MATERIAL PROVIDED Block Start
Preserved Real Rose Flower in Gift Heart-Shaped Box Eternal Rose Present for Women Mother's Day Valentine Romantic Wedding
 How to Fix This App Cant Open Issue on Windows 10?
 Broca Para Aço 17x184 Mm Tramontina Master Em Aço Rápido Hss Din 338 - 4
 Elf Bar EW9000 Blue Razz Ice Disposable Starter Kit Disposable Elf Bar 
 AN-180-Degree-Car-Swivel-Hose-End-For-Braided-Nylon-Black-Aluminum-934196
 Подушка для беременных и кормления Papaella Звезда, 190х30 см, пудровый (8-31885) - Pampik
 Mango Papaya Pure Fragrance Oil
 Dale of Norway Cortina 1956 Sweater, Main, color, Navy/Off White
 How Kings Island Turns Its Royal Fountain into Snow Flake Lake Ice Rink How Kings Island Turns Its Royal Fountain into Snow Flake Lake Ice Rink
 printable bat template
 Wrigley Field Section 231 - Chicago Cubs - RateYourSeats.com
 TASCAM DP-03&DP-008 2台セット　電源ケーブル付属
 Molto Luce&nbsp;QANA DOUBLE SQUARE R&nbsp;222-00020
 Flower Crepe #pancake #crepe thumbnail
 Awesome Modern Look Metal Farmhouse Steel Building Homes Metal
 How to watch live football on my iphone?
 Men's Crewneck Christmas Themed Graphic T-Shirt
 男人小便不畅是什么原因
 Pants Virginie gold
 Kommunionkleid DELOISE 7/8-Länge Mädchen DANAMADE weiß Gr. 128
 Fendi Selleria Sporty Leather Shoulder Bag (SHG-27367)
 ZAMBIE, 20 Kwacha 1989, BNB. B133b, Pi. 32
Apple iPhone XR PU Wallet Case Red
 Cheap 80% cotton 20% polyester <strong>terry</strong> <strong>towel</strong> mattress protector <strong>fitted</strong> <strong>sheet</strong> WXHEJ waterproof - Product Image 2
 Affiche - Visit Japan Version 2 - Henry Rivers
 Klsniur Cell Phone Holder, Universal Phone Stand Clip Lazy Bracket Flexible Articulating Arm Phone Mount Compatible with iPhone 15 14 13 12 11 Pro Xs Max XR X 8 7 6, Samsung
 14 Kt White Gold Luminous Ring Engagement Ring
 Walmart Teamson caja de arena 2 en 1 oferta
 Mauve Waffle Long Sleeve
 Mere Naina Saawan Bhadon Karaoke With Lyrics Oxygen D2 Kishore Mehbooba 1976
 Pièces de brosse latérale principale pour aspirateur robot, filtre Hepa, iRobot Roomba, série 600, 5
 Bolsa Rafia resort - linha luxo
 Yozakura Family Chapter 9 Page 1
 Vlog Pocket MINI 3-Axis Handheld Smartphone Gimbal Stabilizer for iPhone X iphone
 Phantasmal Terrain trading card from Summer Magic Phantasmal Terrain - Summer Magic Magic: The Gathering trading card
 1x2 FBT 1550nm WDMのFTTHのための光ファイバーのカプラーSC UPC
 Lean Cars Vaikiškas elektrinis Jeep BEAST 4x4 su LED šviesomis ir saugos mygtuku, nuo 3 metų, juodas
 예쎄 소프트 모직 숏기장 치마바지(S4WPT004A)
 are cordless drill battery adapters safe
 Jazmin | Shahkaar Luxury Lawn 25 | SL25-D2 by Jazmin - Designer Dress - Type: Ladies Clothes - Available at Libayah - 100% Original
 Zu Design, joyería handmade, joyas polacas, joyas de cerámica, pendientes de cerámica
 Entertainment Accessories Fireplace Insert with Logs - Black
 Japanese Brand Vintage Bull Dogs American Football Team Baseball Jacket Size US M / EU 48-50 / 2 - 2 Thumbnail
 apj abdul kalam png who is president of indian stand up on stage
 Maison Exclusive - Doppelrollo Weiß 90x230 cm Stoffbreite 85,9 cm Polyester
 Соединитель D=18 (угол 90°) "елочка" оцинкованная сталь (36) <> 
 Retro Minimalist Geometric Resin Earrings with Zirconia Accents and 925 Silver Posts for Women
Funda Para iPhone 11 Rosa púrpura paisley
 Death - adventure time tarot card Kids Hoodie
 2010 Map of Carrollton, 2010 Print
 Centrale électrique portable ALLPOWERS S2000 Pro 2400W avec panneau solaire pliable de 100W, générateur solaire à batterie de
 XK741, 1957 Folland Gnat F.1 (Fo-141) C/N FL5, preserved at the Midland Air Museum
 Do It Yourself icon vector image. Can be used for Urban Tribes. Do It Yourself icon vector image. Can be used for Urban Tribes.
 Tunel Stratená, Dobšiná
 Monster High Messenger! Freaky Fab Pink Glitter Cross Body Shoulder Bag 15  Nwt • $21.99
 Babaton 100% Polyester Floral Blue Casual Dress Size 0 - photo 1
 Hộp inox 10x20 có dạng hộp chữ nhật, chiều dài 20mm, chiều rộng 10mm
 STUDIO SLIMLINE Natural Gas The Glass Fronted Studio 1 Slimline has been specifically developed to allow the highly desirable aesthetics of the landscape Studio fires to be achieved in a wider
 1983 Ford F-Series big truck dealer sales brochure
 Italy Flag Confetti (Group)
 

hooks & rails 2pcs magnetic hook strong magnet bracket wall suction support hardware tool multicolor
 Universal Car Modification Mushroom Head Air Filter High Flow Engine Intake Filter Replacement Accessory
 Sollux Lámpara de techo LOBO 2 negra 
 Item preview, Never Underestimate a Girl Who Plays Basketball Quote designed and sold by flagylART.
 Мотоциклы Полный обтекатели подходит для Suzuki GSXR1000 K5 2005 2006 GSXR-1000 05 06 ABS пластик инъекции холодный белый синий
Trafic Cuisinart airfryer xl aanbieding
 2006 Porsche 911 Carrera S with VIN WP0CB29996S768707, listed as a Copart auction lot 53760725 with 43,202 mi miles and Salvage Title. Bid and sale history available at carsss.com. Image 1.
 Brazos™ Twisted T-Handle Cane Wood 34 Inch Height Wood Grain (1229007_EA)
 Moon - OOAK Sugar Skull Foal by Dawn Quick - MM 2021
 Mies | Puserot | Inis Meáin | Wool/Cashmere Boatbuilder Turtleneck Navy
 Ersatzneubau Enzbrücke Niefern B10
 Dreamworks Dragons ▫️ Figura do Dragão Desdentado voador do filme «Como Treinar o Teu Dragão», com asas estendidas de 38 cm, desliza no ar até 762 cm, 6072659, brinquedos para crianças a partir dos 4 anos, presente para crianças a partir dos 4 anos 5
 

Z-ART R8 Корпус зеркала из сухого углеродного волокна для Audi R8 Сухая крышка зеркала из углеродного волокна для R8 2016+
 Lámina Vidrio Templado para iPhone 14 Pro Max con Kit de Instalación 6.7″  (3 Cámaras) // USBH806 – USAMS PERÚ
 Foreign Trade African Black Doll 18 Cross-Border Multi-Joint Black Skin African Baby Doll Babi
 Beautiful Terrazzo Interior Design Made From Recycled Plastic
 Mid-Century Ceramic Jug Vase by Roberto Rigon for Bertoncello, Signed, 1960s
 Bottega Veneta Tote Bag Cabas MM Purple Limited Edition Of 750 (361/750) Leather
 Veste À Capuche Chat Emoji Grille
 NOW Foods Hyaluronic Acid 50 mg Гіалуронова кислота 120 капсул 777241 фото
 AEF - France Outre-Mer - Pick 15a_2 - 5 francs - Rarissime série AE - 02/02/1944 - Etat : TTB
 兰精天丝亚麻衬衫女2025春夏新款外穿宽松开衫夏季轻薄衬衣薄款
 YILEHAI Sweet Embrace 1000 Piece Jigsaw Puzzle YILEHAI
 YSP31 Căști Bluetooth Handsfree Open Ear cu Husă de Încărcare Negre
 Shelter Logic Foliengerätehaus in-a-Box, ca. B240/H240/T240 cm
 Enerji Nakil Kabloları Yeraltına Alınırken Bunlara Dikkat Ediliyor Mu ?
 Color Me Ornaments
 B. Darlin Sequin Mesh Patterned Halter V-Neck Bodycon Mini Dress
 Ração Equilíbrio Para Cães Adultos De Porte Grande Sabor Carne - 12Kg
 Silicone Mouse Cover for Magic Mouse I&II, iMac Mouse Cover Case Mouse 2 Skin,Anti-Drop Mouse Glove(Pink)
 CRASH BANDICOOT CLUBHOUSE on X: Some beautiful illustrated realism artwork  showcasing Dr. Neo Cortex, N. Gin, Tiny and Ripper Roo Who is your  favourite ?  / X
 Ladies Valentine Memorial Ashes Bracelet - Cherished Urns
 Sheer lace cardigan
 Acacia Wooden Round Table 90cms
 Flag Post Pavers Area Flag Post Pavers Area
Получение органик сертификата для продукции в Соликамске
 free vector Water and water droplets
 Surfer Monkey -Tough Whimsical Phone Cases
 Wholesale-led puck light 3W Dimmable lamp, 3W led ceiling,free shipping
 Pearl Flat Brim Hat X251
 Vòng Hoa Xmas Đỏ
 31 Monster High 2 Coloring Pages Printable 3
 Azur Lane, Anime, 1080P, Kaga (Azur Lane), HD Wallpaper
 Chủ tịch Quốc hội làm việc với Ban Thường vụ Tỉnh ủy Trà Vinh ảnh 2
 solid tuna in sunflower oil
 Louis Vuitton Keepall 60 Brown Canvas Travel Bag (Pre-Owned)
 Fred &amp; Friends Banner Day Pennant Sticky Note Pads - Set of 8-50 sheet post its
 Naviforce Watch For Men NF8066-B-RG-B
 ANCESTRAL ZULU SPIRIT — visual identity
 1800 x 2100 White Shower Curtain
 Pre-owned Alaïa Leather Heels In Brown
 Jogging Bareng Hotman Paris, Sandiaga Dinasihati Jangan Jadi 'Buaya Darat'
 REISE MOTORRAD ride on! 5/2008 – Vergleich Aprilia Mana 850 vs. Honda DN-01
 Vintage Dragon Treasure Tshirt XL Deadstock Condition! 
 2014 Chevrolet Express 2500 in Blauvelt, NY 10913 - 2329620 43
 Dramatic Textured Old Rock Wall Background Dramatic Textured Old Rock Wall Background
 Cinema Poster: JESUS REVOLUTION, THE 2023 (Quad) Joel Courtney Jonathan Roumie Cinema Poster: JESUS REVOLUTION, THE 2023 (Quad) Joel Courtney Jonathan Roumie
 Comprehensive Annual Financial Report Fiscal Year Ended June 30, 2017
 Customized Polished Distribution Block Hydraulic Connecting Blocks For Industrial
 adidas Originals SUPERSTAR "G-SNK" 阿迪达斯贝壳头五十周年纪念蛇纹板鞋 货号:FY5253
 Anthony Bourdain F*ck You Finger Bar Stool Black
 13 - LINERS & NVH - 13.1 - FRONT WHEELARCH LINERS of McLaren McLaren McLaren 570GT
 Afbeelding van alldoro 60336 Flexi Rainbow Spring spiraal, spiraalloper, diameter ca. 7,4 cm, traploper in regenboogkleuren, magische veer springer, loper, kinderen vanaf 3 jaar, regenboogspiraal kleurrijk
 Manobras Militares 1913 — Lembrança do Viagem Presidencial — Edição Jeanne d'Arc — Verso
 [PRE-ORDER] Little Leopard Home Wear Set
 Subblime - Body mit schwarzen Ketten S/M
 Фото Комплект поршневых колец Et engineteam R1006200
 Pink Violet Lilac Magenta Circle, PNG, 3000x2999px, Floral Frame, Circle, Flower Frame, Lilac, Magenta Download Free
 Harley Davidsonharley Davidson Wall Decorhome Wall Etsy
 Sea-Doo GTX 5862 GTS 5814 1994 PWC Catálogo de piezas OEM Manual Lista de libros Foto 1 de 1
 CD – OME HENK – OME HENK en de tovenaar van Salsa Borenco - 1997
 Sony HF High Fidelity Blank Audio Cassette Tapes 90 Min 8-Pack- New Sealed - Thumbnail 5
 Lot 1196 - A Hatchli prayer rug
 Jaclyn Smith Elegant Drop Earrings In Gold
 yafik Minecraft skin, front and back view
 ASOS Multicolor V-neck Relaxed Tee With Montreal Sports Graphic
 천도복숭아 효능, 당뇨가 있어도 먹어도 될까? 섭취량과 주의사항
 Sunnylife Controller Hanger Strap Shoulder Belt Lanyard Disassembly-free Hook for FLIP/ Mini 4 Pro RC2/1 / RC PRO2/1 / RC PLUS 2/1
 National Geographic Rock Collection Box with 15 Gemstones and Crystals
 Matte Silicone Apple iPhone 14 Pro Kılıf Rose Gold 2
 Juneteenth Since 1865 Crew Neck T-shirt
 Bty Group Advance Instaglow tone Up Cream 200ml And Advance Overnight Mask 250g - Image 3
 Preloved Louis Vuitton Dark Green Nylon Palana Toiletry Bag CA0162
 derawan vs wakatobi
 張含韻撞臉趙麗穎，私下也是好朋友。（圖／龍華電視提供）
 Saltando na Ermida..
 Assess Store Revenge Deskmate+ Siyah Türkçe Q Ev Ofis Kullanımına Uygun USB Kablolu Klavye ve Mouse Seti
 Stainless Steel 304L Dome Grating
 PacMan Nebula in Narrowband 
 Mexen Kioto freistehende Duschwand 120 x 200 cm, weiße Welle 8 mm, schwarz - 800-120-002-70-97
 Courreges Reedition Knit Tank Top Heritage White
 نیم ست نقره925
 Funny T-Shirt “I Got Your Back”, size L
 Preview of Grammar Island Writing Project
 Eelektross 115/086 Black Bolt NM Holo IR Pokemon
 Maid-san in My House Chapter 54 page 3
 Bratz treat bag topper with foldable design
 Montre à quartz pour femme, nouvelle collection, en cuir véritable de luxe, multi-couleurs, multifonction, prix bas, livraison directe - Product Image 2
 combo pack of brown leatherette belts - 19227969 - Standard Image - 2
MATERIAL PROVIDED Block End
> WORK REQUIRED
From the records above, repeat exactly the lines from the one with "Bolsa Rafia resort - linha luxo" through the one with "1983 Ford F-Series", both included.

> RESULT FOR THIS TASK
 Bolsa Rafia resort - linha luxo
 Yozakura Family Chapter 9 Page 1
 Vlog Pocket MINI 3-Axis Handheld Smartphone Gimbal Stabilizer for iPhone X iphone
 Phantasmal Terrain trading card from Summer Magic Phantasmal Terrain - Summer Magic Magic: The Gathering trading card
 1x2 FBT 1550nm WDMのFTTHのための光ファイバーのカプラーSC UPC
 Lean Cars Vaikiškas elektrinis Jeep BEAST 4x4 su LED šviesomis ir saugos mygtuku, nuo 3 metų, juodas
 예쎄 소프트 모직 숏기장 치마바지(S4WPT004A)
 are cordless drill battery adapters safe
 Jazmin | Shahkaar Luxury Lawn 25 | SL25-D2 by Jazmin - Designer Dress - Type: Ladies Clothes - Available at Libayah - 100% Original
 Zu Design, joyería handmade, joyas polacas, joyas de cerámica, pendientes de cerámica
 Entertainment Accessories Fireplace Insert with Logs - Black
 Japanese Brand Vintage Bull Dogs American Football Team Baseball Jacket Size US M / EU 48-50 / 2 - 2 Thumbnail
 apj abdul kalam png who is president of indian stand up on stage
 Maison Exclusive - Doppelrollo Weiß 90x230 cm Stoffbreite 85,9 cm Polyester
 Соединитель D=18 (угол 90°) "елочка" оцинкованная сталь (36) <> 
 Retro Minimalist Geometric Resin Earrings with Zirconia Accents and 925 Silver Posts for Women
Funda Para iPhone 11 Rosa púrpura paisley
 Death - adventure time tarot card Kids Hoodie
 2010 Map of Carrollton, 2010 Print
 Centrale électrique portable ALLPOWERS S2000 Pro 2400W avec panneau solaire pliable de 100W, générateur solaire à batterie de
 XK741, 1957 Folland Gnat F.1 (Fo-141) C/N FL5, preserved at the Midland Air Museum
 Do It Yourself icon vector image. Can be used for Urban Tribes. Do It Yourself icon vector image. Can be used for Urban Tribes.
 Tunel Stratená, Dobšiná
 Monster High Messenger! Freaky Fab Pink Glitter Cross Body Shoulder Bag 15  Nwt • $21.99
 Babaton 100% Polyester Floral Blue Casual Dress Size 0 - photo 1
 Hộp inox 10x20 có dạng hộp chữ nhật, chiều dài 20mm, chiều rộng 10mm
 STUDIO SLIMLINE Natural Gas The Glass Fronted Studio 1 Slimline has been specifically developed to allow the highly desirable aesthetics of the landscape Studio fires to be achieved in a wider
 1983 Ford F-Series big truck dealer sales brochure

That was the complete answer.